Batas itu semacam dinding, hanya saja tidak terlihat dan bisa ditembus oleh mereka, mungkin semacam dinding sihir.
Sesaat, setelah tanpa sadar melewati dinding itu, Fikram yang pertama kali melewatinya melihat sesuatu yang tidak dilihatnya tadi saat di luar batas. "Hah!?" terkejutnya.
"Cepat kemarikan!!!" ucap seseorang wanita bersuara serak, bertubuh setengah ikan berwarna hitam berambut panjang, memakai mahkota hitam besar berduri, dan berwajah mengerikan.
"Tidak akan pernah!!!!!" bantah seorang pria dengan menggendong bayi dalam dekapannya.
"KEMARIKAN KUBILANG!!!!" ucap seorang itu mencoba meraih bayi yang ada ditangannya.
"Tak akann!!!" pemuda itu mengelak dan berlalu pergi bersama bayi dalam gendongannya itu.
"MAU DI BAWA KEMANA MAKANANKU!!!!!" teriak wanita itu.
"HIAA!!!"
Seseorang yang berwujud setengah manusia dan setengah ikan itu menggunakan kekuatannya untuk menghentikan laju pria itu.
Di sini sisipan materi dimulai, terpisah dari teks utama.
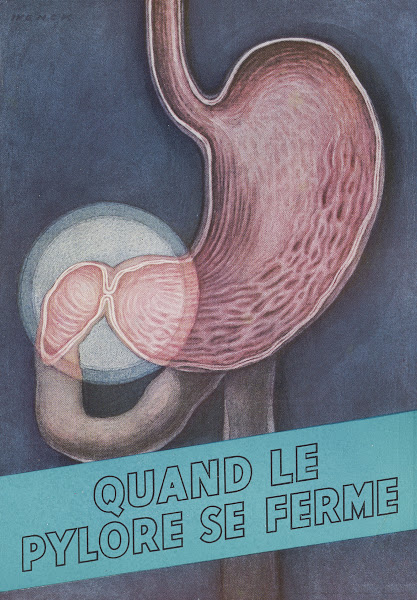 Quand le pylore se ferme 1910 1950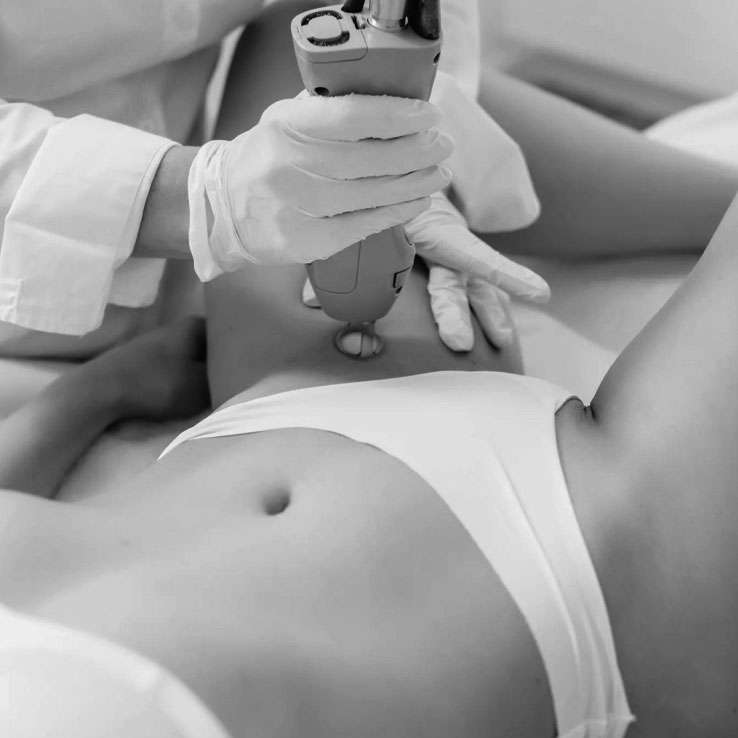 Laser Treatment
Dia mengendalikan rumput laut untuk mengikat kaki pria tersebut dan menariknya ke hadapannya. Tentu saja,
pria itu jatuh tersungkur. Dia pun membalik paksa tubuh pria yang sedang menggendong bayi itu. Sehingga posisi tubuh pria tersebut terlentang.
BUGH!!
Punggung pria itu terbanting ke tanah.
"BERIKAN BAYI ITU PADAKU, SAYANG!," tegasnya berlutut dan memegang dagu pria itu dengan tangannya yang berkuku hitam dan panjang.
"Tidak akan pernah!" tegas pria itu melihat pada wanita mengerikan tersebut.
"Kalau begitu.." wanita itu menyeringai dan mengangkat tangannya lalu, seketika muncullah trisula panjang di tangannya.
Pria itu hanya melihat tindakan wanita itu sambil mempererat dekapannya pada sang bayi.
"LEBIH BAIK KAU MATI!!!!" tegas wanita mengerikan itu langsung menyerang untuk menusuk pria itu.
"HIAAAA!!!!"
Wanita itu mengangkat trisula panjangnya dan...
"Fikram!" Rio menepuk bahu Fikram.
"Hah!?" terkejut Fikram.
"Kenapa? apa ada masalah?" tanya Rio.
"Ya, kenapa kau berhenti disitu? kau memandang apa? apa kau menemukan Rainy?" tanya Manda menimpali.
"Tadi aku melihat..." ujar Fikram mencoba menjelaskan apa yang ia lihat di depannya tadi. "Itu.." lanjutnya lirih.
"Itu apa?!" tanya Rio tak mengerti.
"It..it..itu, apa kalian tidak melihatnya? ada seorang pria menggendong bayi lalu ada wanita menyeramkan dengan kukunya yang panjang dan hitam, wanita itu seperti..seperti..mer-" ucap Fikram menjelaskan.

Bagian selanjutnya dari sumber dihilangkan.